Disk space: several gigabytes per variant; larger tags need more (see below).
RAM / GPU: Ollama ships quantized builds so you can run smaller variants on consumer hardware. Bigger tags need more VRAM or unified memory; if inference is slow, pick gemma4:e2b or gemma4:e4b.
Network: required only to download the model the first time. After that, generation can run fully offline.

Google publishes approximate VRAM for weights only (BF16 / quantized) in its Gemma core documentation; real usage grows with context length (KV cache). Treat tables as planning hints, not guarantees.

Pick a Gemma 4 variant

Ollama exposes Gemma 4 under the gemma4 library name. Tags follow Google’s four sizes. Always confirm current tags on ollama.com/library/gemma4/tags.

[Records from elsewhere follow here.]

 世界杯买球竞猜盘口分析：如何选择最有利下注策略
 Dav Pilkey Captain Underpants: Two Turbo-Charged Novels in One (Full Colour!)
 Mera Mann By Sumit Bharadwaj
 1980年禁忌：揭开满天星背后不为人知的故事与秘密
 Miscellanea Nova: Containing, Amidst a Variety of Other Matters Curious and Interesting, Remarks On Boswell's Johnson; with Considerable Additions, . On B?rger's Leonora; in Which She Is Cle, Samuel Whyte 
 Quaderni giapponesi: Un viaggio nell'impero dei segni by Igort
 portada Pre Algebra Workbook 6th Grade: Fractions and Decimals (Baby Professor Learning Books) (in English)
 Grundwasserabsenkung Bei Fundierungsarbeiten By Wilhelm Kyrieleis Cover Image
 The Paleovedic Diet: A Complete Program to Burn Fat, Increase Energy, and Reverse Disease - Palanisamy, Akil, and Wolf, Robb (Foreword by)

Ollama tag (typical)	Role	Notes
`gemma4:e2b`	Lightest	Best for laptops, long battery, or tight RAM; 128K context class.
`gemma4:e4b`	Default balance	Often the practical “start here” tag for development; 128K context class.
`gemma4:26b`	MoE throughput	Stronger reasoning on capable GPUs; 256K context class. Heavier download and RAM.
`gemma4:31b`	Dense quality	Highest quality in the family for local use; 256K context class. Needs serious hardware.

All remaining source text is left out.